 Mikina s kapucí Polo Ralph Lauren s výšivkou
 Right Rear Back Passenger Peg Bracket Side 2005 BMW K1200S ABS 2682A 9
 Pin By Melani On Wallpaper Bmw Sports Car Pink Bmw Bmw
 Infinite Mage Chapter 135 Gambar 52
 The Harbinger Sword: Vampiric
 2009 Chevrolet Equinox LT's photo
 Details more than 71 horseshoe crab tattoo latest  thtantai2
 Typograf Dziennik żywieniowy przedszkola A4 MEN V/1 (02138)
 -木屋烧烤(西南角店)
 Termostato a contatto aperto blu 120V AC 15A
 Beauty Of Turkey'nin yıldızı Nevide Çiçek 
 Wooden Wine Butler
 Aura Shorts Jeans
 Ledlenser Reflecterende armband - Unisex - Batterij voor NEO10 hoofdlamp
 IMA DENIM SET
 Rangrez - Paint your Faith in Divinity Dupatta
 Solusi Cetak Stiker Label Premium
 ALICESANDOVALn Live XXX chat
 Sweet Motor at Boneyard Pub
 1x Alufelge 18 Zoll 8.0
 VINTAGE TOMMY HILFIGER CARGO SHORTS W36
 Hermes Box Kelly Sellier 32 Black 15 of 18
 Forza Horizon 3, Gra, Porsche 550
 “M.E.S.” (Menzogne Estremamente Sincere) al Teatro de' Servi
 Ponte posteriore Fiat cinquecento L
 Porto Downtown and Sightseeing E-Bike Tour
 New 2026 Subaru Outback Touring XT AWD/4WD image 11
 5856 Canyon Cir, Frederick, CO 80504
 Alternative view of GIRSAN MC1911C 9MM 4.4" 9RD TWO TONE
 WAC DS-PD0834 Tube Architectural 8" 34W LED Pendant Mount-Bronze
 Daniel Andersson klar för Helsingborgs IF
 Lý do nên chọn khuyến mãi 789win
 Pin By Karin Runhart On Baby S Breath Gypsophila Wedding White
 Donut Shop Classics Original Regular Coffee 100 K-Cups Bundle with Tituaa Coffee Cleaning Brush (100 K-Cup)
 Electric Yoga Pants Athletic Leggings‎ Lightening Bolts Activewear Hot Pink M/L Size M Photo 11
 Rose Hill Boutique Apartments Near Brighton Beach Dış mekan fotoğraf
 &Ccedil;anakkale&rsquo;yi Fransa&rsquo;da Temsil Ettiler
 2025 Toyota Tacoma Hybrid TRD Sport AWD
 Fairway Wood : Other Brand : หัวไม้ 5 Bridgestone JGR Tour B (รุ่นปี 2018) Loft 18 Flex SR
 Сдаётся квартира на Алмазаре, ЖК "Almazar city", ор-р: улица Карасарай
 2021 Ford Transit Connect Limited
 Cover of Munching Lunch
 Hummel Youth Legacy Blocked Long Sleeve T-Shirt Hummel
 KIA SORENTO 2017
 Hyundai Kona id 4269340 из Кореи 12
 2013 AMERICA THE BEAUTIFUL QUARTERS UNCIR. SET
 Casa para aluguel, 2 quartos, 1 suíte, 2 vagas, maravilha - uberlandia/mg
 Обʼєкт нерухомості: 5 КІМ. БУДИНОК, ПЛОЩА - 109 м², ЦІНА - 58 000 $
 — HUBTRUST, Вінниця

---+---

Exercise description |
Nothing outside this range should appear: the lines from the start of the listing through the line with "The Harbinger Sword: Vampiric", each reproduced exactly, both ends included.

Output of the exercise |
 Mikina s kapucí Polo Ralph Lauren s výšivkou
 Right Rear Back Passenger Peg Bracket Side 2005 BMW K1200S ABS 2682A 9
 Pin By Melani On Wallpaper Bmw Sports Car Pink Bmw Bmw
 Infinite Mage Chapter 135 Gambar 52
 The Harbinger Sword: Vampiric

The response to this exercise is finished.